Most programming languages support booleans, integers, reals (decimals),
strings (one-dimensional arrays or vectors of characters),
multi-dimensional arrays, records of fixed length.

Usually it is up to the user to implement additional structures in terms
of these. Most books on data-structures show various ways to implement:

    stacks
    queues
    linked lists
    trees
    graphs (networks - directed or undirected)

From books on data-structures and algorithsm you will discover how to
implement a range of procedures associated with particular classes of
structures. E.g. there are algorithms for searching a large string to
find out whether a given string is contained in it. Similarly searching
a graph to see if a  smaller graph is containined in it, or checking
whether two graphs match.

Algorithms have to be very carefully designed: a bad design may be so
much slower, or require so much more space, that it is unusable on
larger data-structures.


-- Lazy evaluation ----------------------------------------------------

Sometimes structures are created only as required.

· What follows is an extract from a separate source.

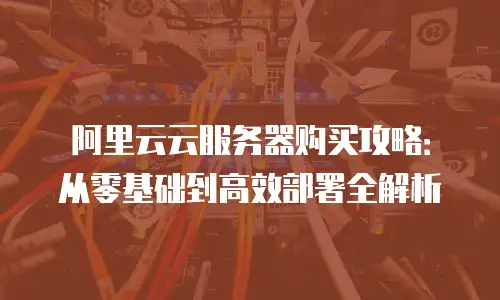 阿里云云服务器购买攻略：从零基础到高效部署全解析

This is sometimes
called "lazy evaluation". For example POP-11 allows the creation of
dynamic lists, defined in terms of a procedure which returns a new
result each time it is called. (A generator procedure). The procedure
PDTOLIST (ProceDure TO LIST) when applied to such a generator returns a
dynamic list.

    lvars counter=0;
    define count()-> result;
        lvars result=counter;
        counter + 1 -> counter;
    enddefine;

    vars dlist=pdtolist(count);
    dlist =>
    ** [...]    ;;; unexpanded dynamic list
    hd(dlist) =>
    ** 0
    hd(tl(dlist)) =>
    ** 1
    dlist =>
    ** [0 1 ...]
    hd(tl(tl(dlist))) =>
    ** 2
    dlist =>
    ** [0 1 2 ...]
    "cat" -> dlist(5);
    dlist =>
    ** [0 1 2 3 cat ...]

DLIST is a list of (potentially) infinite length.

AI programs often need to create structures that are potentially
infinite. For example, a knowledge store may contain some axioms and
inference rules, and may be used as if all the consequences derivable
from the axioms via the rules were in the store already. Each time you
ask for some information, if it is not explictly there the data-base
manager checks whether it is derivable, and if so adds it explicitly,
reporting that it is there. The user cannot tell that it wasn't there
all along, except that there may be a delay before the answer comes.


-- Virtual data-types in POP-11 ---------------------------------------

In POP-11 the range of procedures associated with a data-type can be
found in the HELP CLASSES file. You can find more technical detail in
REF DATA and REF KEYS.

POP-11 is unusual in that it allows data-structures to be treated as
procedures, in which case the "class_apply" procedure for the data type
will be invoked. This is analogous to the approach of "object oriented"
systems, which allow "messages" to be sent to data.

In addition to general procedures associated with a range of data-types
there will also be very specific procedures. E.g. arithmetic operations
such as subtraction and multiplication are not defined on lists, though
they are defined on a range of number types:

    integers, big integers, ratios,
    decimals, ddecimals, complex numbers.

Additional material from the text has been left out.